How to choose a research topic that isn't too broad or too narrow? 🎯

Amanda

New member
Joined
Mar 9, 2026
Messages
9
I have to write a 15-page research paper and I can't choose a topic. Everything I think of is either "the entire Cold War" (too broad) or "what one soldier ate for breakfast on June 3, 1952" (too narrow).

My professor said to start with something I'm curious about, then narrow it down. I like World War II, but that's still huge.

She suggested adding: time period, location, specific angle. So instead of "World War II" → "women factory workers in Detroit during WWII." That feels doable.
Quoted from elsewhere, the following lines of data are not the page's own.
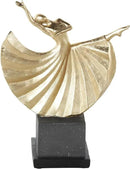 Deco 79 Polystone Dancer Decorative Sculpture Home Decor Statue with Black Square Base, Accent Figurine 9" x 4" x 12", Gold by CozyNest Decor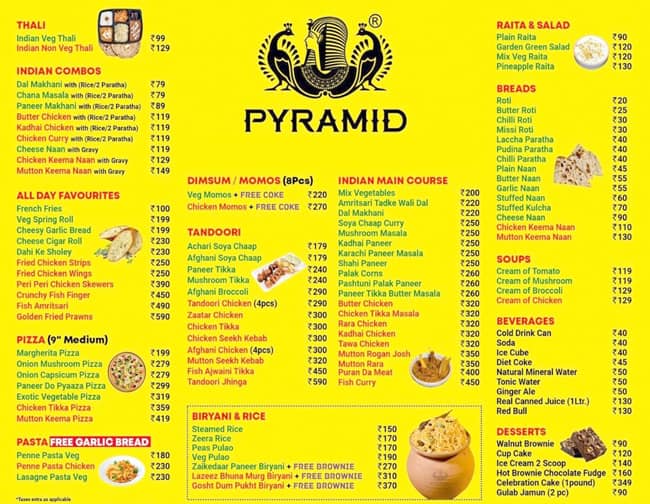 Menu Of Pyramid Cafe Lounge Shastri Nagar Jalandhar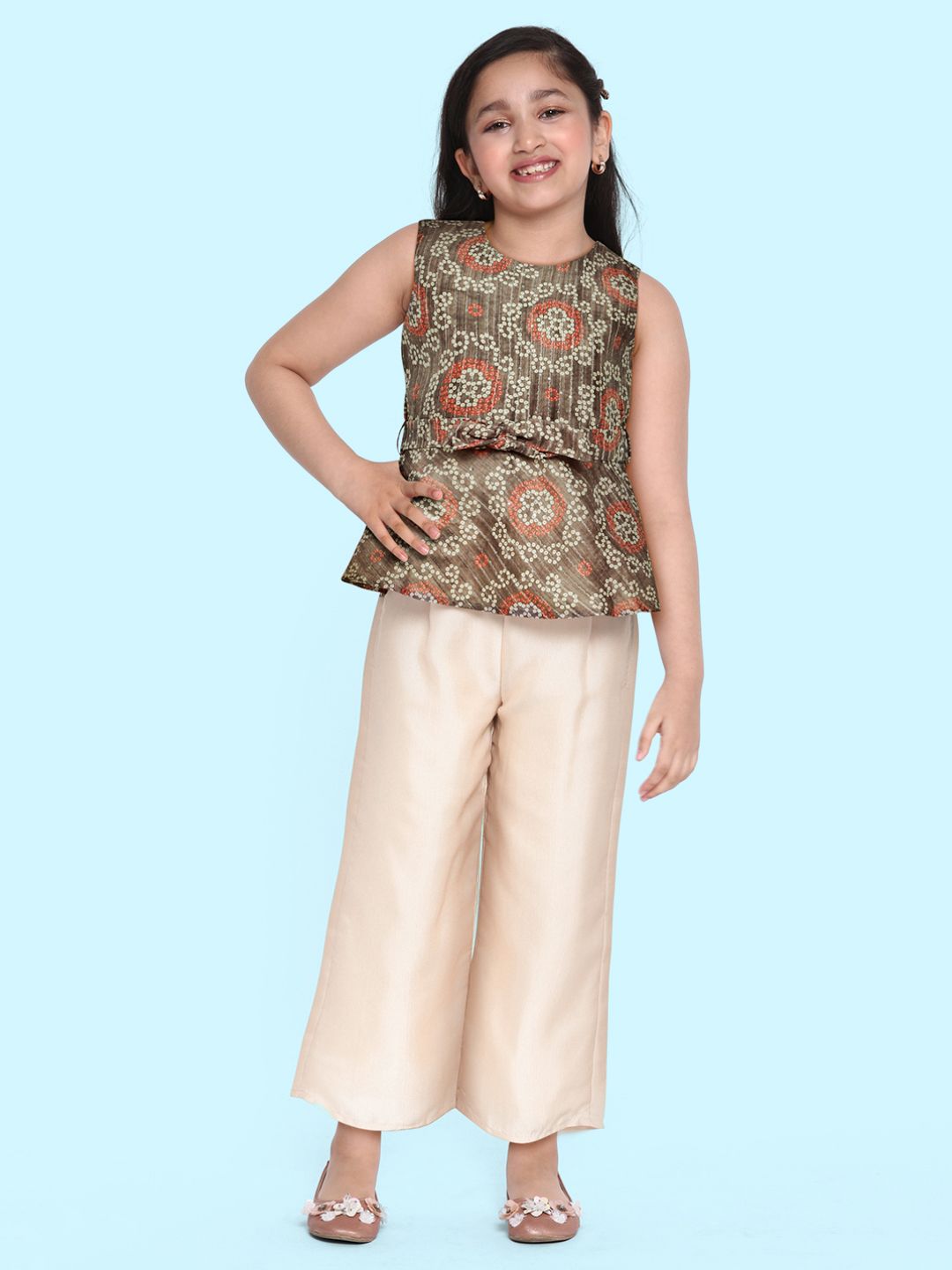 Ethnovog Girls Taupe Bandhani Printed Empire Kurti with Palazzos
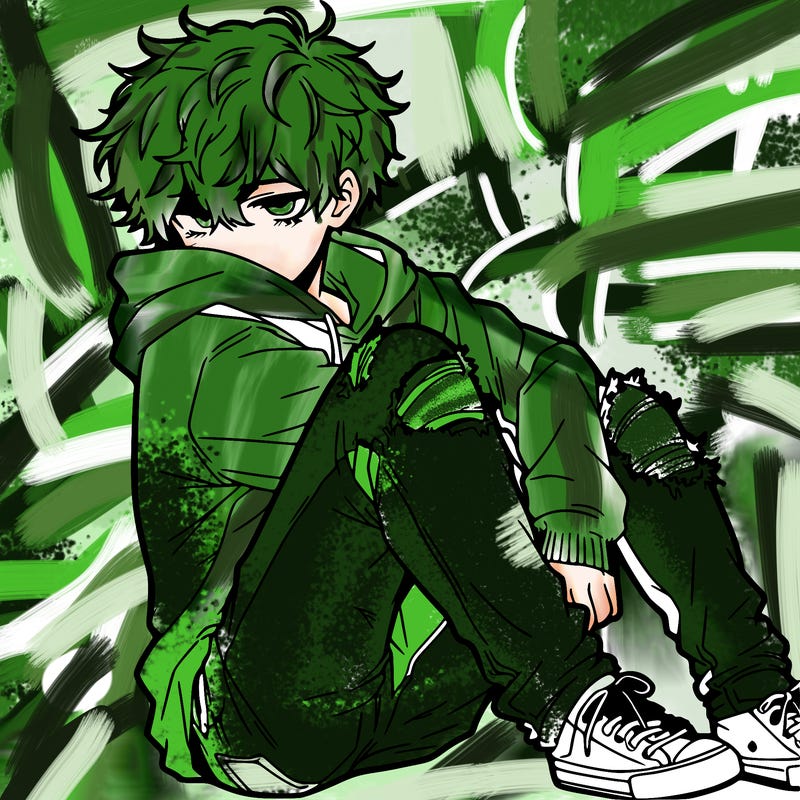 a male hoddie ripped jeans messy hair anime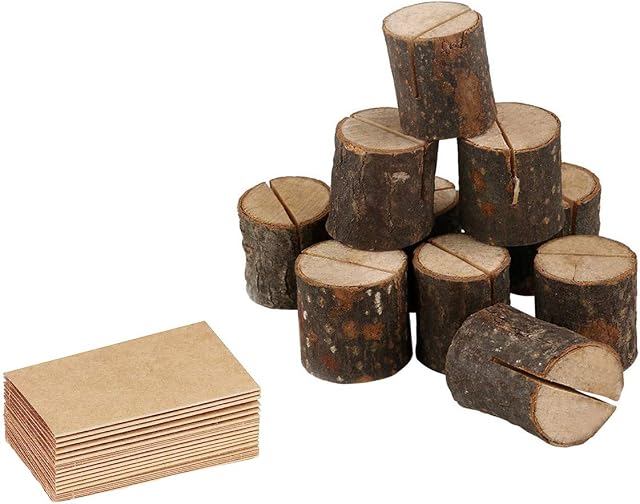 YUEMING 10Pcs Place Card Holders, Rustic Wood Table Card Holder, Number Stand with 10 Kraft Paper Wooden Menu Holder Place Name Memo Card Holder for Wedding Decorations and Party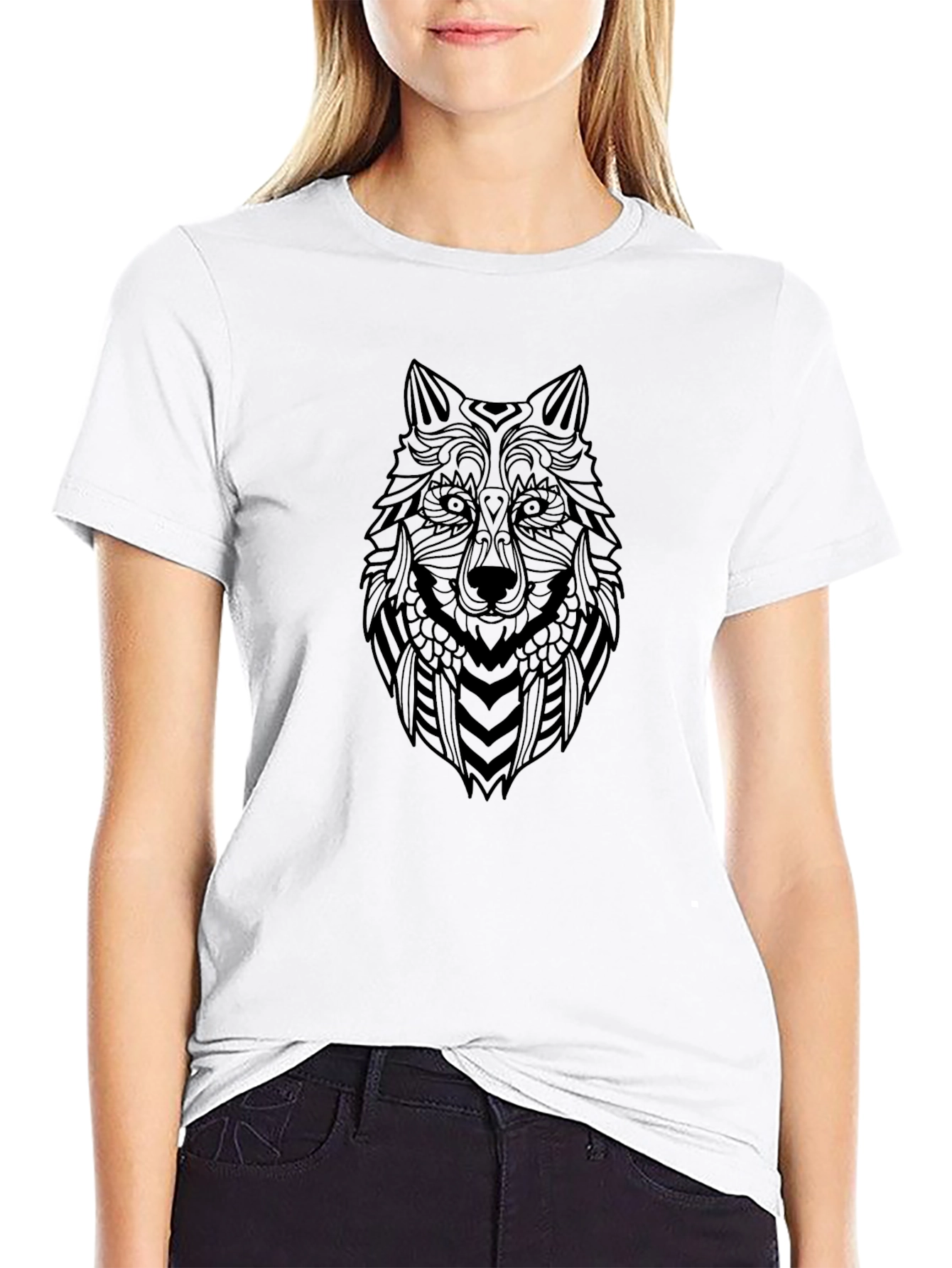 Wolf Head Graphic Black T-Shirt - Stylish Mens Tee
How do you guys choose topics? I'm stuck!
 
I do the "question storm." Take your broad topic and write down every question you can think of. For WWII: What did women do? How did it change things? Where did they work? What happened after? Then pick ONE question that actually interests you. "How did wartime factory work change women's expectations about careers?" That's a real argument now. Topics aren't topics, they're questions you're trying to answer.
 
Mind maps work for me. I put "WWII" in a circle, then draw branches: home front, battles, leaders, technology, aftermath. Then each branch gets smaller branches. Home front → women → factories → Detroit → Rosie the Riveter → postwar employment rates. By the time I'm at the tiny branches, I've got a specific topic. It's like zooming in on Google Maps until you see the actual street. Start satellite view, end street view.